### Entries supplied

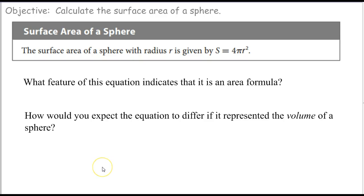Welcome. This is my instructional video for section 3.4, the surface area of a sphere.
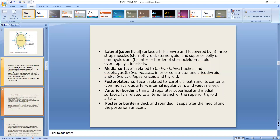The posterior surface is related to the carotid sheath. Regarding borders, the anterior border separates the medial and lateral surfaces, while the posterior border is rounded and separates the medial and posterolateral surfaces.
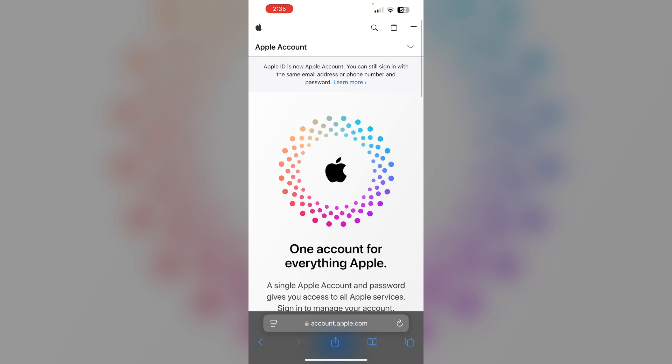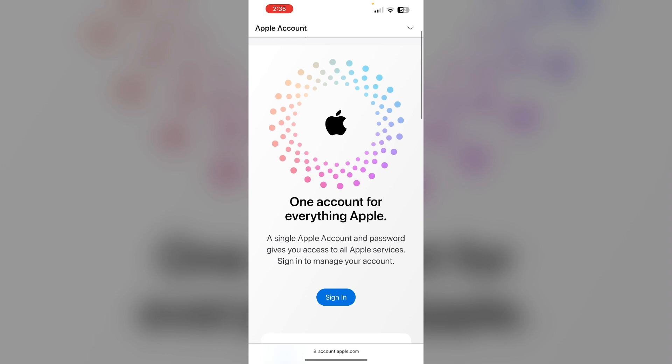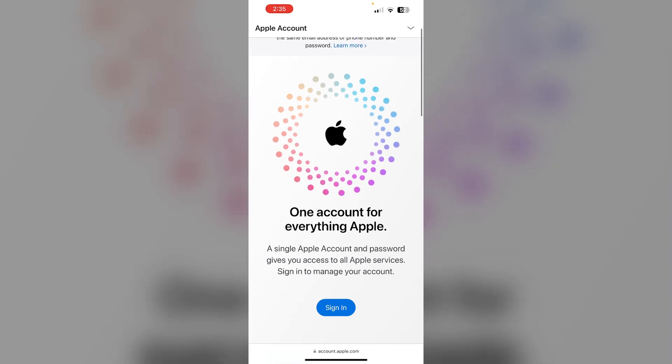Go to Safari and click on account.apple.com. Now login with your Apple ID. After that, go to the payments and shipping section.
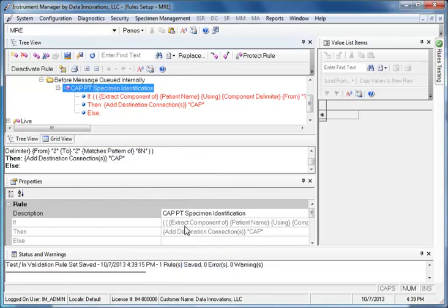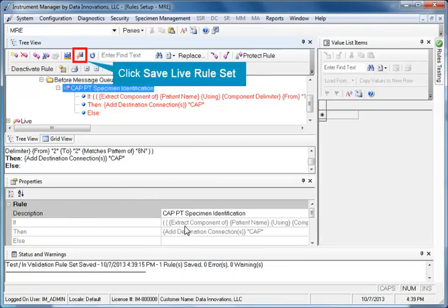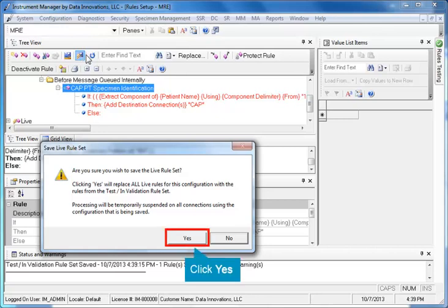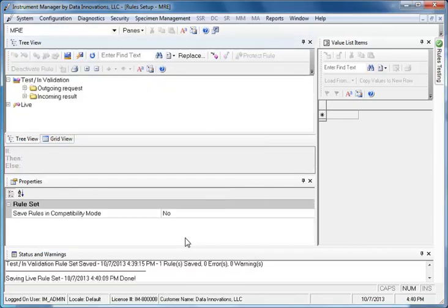The second step is to save a live rule set. Click the Save Live Rule Set button. A dialog appears asking if you are sure. Click Yes, and the rule is now live.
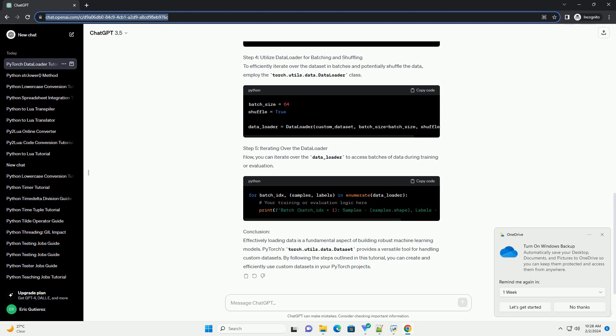Step 4: Utilize DataLoader for batching and shuffling. To efficiently iterate over the dataset in batches and potentially shuffle the data, employ the torch.utils.data.dataloader class.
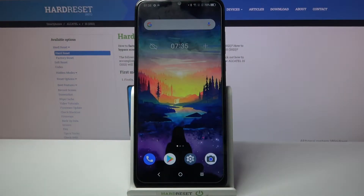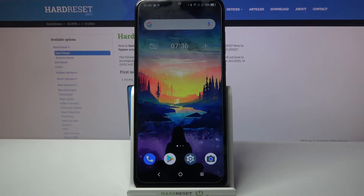Hi! In front of me is Alcatel 1s 2021 and today I would like to show you how you can manage app permissions on this device.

######

* What this task involves *
Omit the pictures, then extract verbatim only those lines that fall between the line containing "Step 4: Utilize" and the final line of the records above, both included.

* Result of the exercise *
Step 4: Utilize DataLoader for batching and shuffling. To efficiently iterate over the dataset in batches and potentially shuffle the data, employ the torch.utils.data.dataloader class.
Hi! In front of me is Alcatel 1s 2021 and today I would like to show you how you can manage app permissions on this device.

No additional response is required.